Task input:
+ + + + + + +
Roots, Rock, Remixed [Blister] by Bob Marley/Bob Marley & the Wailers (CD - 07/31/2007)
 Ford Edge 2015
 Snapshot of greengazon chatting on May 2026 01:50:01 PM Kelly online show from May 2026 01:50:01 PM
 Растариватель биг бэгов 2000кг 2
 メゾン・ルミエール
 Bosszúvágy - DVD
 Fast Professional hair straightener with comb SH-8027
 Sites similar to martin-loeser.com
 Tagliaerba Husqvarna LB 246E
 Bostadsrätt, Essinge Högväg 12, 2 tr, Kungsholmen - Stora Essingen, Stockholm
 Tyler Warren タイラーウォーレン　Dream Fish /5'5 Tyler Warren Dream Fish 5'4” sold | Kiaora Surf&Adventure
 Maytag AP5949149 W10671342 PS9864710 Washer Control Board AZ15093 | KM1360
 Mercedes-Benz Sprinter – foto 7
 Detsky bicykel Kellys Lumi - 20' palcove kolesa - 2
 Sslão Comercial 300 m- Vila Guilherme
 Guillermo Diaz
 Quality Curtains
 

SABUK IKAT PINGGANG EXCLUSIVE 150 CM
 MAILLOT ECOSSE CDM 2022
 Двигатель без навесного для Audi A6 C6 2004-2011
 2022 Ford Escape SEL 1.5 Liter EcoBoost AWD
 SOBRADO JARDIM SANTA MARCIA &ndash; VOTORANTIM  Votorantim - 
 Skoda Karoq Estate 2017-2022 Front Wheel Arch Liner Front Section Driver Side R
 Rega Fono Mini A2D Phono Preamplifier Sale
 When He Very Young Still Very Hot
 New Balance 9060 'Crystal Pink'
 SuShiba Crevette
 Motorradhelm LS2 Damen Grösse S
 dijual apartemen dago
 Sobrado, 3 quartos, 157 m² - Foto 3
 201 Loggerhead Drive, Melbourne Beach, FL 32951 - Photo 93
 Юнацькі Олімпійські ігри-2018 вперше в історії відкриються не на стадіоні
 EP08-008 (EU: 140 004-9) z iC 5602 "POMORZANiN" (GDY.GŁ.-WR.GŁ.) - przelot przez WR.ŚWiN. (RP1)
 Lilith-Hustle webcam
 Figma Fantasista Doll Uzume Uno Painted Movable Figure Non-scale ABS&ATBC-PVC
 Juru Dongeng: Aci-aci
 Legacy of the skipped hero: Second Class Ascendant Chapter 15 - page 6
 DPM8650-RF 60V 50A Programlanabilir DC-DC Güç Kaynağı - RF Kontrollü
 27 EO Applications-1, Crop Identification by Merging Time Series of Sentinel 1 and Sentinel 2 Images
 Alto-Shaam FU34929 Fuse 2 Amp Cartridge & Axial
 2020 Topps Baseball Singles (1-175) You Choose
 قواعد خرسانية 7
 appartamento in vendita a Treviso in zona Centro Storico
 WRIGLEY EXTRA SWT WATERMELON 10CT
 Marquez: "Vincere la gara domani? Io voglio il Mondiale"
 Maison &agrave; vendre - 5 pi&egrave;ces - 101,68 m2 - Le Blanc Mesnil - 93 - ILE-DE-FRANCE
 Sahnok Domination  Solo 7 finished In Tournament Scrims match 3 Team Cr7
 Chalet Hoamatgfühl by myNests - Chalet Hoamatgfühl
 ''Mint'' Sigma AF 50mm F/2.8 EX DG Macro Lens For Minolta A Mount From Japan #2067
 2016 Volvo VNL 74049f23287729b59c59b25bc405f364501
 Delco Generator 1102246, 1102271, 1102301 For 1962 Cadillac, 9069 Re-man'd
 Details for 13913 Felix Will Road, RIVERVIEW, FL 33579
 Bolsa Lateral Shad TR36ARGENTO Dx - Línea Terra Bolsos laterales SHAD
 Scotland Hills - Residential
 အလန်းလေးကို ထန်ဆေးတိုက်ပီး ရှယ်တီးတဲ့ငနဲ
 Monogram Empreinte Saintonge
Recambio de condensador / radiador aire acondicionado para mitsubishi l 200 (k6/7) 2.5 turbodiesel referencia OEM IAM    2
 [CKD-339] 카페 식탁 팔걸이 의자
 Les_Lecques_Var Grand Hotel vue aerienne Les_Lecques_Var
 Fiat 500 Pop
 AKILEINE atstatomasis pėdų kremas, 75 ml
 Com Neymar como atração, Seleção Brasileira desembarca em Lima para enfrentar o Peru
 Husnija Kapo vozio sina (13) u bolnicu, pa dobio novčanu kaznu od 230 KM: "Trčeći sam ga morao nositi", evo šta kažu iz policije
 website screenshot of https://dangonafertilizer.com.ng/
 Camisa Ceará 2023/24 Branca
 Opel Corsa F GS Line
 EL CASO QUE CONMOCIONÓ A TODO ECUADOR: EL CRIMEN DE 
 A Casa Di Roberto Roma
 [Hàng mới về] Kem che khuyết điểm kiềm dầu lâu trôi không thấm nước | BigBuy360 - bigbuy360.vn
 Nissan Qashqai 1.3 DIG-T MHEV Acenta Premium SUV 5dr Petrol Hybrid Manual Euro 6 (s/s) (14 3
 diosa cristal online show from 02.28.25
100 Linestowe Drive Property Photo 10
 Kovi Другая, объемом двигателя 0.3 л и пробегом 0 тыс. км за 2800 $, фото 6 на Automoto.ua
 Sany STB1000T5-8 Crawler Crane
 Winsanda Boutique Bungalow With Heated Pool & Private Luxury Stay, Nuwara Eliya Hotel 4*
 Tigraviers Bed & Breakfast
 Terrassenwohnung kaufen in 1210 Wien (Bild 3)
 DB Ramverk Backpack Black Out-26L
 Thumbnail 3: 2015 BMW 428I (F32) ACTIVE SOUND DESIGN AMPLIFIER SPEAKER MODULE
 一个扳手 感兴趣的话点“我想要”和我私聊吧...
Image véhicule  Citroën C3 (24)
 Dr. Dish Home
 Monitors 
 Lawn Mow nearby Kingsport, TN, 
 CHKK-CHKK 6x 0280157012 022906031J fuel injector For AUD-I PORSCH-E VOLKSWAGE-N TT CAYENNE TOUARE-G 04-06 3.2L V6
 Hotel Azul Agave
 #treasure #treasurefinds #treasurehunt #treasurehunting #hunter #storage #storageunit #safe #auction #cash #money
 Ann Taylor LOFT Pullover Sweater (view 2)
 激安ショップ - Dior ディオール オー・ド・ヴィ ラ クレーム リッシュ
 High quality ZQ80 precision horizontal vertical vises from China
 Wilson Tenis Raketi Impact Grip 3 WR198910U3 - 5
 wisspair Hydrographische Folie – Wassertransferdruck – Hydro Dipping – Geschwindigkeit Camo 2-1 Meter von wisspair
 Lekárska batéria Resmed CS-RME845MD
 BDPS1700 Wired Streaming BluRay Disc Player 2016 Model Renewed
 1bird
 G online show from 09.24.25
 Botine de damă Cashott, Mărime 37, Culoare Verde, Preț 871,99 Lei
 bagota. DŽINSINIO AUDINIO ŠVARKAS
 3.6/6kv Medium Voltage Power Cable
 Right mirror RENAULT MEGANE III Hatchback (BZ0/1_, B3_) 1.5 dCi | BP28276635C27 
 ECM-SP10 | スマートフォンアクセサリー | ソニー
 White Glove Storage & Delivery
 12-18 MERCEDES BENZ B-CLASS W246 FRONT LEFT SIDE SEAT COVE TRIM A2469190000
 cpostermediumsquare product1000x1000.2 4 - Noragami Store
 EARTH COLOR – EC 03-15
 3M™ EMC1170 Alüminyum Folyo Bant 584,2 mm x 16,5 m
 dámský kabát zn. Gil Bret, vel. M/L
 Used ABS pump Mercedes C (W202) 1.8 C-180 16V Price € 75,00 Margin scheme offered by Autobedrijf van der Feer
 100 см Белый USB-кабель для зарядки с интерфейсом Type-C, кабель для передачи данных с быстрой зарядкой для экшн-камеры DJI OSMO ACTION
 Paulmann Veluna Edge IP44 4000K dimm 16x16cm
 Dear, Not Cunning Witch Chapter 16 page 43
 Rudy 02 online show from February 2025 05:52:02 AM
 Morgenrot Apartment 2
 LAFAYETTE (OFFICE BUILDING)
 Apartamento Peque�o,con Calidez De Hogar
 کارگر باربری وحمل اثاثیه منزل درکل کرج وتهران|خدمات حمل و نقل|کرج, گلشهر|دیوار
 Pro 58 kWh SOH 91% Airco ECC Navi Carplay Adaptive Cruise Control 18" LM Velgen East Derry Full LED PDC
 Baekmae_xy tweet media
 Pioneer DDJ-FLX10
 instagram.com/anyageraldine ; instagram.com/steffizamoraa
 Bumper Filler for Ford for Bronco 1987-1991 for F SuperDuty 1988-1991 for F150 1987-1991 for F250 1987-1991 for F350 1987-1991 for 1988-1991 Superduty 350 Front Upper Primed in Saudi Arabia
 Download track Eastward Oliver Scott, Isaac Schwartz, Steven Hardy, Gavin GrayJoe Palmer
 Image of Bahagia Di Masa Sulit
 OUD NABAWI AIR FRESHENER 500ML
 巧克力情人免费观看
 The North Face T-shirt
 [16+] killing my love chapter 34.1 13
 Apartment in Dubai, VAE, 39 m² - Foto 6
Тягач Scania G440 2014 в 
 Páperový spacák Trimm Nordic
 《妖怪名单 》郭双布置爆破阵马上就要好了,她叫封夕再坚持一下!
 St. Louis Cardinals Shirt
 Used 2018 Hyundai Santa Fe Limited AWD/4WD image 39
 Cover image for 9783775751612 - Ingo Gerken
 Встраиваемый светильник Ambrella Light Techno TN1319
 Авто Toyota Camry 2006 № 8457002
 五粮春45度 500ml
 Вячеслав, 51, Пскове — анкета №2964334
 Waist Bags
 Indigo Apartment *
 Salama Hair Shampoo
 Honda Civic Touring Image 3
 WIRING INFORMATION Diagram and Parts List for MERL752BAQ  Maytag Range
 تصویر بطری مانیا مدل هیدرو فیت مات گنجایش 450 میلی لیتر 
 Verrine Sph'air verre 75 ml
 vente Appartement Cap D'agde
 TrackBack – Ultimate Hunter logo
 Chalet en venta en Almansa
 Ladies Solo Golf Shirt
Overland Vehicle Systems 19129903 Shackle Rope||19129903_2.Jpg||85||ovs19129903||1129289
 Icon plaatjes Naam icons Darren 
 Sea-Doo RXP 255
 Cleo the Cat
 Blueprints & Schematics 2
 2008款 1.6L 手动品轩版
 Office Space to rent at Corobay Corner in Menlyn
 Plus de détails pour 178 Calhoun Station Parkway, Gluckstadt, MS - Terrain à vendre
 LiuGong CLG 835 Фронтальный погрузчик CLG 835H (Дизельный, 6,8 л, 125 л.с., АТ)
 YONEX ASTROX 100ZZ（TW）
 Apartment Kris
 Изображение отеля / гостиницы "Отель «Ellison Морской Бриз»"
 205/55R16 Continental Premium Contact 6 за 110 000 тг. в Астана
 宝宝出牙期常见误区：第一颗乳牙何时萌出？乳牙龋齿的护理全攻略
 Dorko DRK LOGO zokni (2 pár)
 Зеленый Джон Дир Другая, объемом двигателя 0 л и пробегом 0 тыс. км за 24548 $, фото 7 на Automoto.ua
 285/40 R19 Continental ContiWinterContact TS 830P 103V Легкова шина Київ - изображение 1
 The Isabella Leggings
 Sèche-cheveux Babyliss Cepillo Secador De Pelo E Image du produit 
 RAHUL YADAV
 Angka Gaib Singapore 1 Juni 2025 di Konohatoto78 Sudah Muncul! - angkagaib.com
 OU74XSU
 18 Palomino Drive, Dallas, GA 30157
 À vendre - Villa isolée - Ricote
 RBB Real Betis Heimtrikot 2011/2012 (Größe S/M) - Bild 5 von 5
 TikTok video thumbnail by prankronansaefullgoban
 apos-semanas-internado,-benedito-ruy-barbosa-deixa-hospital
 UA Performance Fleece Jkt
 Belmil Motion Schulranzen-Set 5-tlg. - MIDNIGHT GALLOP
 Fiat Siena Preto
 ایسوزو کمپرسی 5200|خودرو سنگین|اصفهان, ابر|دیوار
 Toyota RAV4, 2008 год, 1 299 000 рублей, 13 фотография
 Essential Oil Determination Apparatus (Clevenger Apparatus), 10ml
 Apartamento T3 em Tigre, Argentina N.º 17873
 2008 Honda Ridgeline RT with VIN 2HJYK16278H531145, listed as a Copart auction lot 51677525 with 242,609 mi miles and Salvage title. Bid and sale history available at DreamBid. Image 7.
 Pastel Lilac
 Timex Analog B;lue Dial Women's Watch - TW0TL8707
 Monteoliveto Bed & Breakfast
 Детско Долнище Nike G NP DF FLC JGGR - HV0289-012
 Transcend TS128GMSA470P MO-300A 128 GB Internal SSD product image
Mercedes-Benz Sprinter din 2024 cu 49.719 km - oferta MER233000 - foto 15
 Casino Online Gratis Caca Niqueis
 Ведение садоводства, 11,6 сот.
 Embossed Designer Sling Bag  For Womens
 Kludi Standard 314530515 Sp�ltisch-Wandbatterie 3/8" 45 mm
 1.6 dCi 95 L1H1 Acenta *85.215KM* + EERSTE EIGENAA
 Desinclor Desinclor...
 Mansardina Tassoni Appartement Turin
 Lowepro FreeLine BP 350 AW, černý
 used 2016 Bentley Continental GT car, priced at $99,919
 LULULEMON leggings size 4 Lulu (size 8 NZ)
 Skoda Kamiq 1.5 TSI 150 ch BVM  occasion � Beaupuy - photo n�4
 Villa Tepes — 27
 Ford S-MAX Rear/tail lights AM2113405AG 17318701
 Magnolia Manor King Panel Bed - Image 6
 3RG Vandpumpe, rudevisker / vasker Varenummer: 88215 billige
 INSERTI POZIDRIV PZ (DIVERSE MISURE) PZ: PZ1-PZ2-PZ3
+ + + + + + +
Directions: Show every line in the listing above that carries the word "Edge".

Answer section:
 Ford Edge 2015
 Paulmann Veluna Edge IP44 4000K dimm 16x16cm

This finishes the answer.